Ooh, I can answer that. All of it, unless forced to disclose by political factors. There is no upside to the military to releasing anything, ever.
HN is a geekfest, and I'm a geek too. I could not, and still cannot, comprehend how resistant to the "helpfulness instinct" a military man is. I, by my very nature, cannot resist helping people whereever i can, and offering whatever information I might judge useful whenever I can. The military [1] is the exact opposite of that. It's hard to get your head around.
I have zero doubt that one or more militaries in the area, especially Singapore, know exactly where MH370 went, or at least what direction it eventually took off in. Every radar in the world is recording 24/7. They have no incentive whatsoever to divulge what they undoubtably know. We'll find out in a few decades, probably.
[1] and many large corporations.
https://upload.wikimedia.org/wikipedia/commons/f/fc/Sosus_ma...
Seismic is rough. Even large earthquake events are localized with large error because of constant noise - seismic event arrivals are hard to pinpoint precisely in time.

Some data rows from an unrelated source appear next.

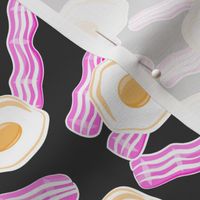 bacon and eggs - pink & grey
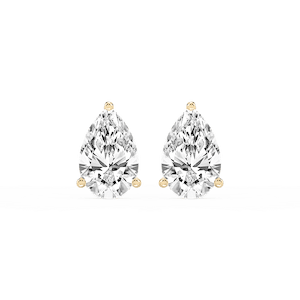 Pear Lab Grown Diamond Classic Three Prong Martini Stud Earrings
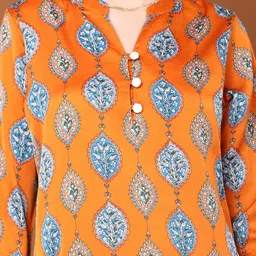 Tamiska By Narendra Kumar Floral Printed Mandarin Collar Straight Kurta image 3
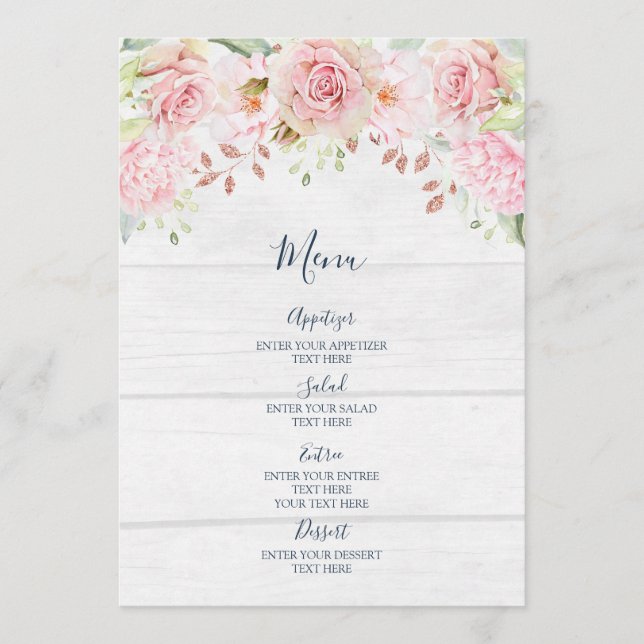 Menu Cardápio de Casamento Floral Rosa Rústico de Prima (Frente)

On top of that, once we have arrival times from a bunch of seismometers(microphones) localization is an inversion problem, dependent on velocity models for a rather heterogeneous earth which further reduces location precision. Even worse, I doubt a crashing jet produces a large magnitude (loud) seismic event, so picking out its arrival in noisy mic data is even harder than it can be for shallow earthquakes.
I'd guess a radius on the order of thousands of miles at best, but it's all contingent on how loud the event was and how noisy the mics that picked it up are.
1k mile radius is 3.14 million square miles. The oceans are 140 million square miles.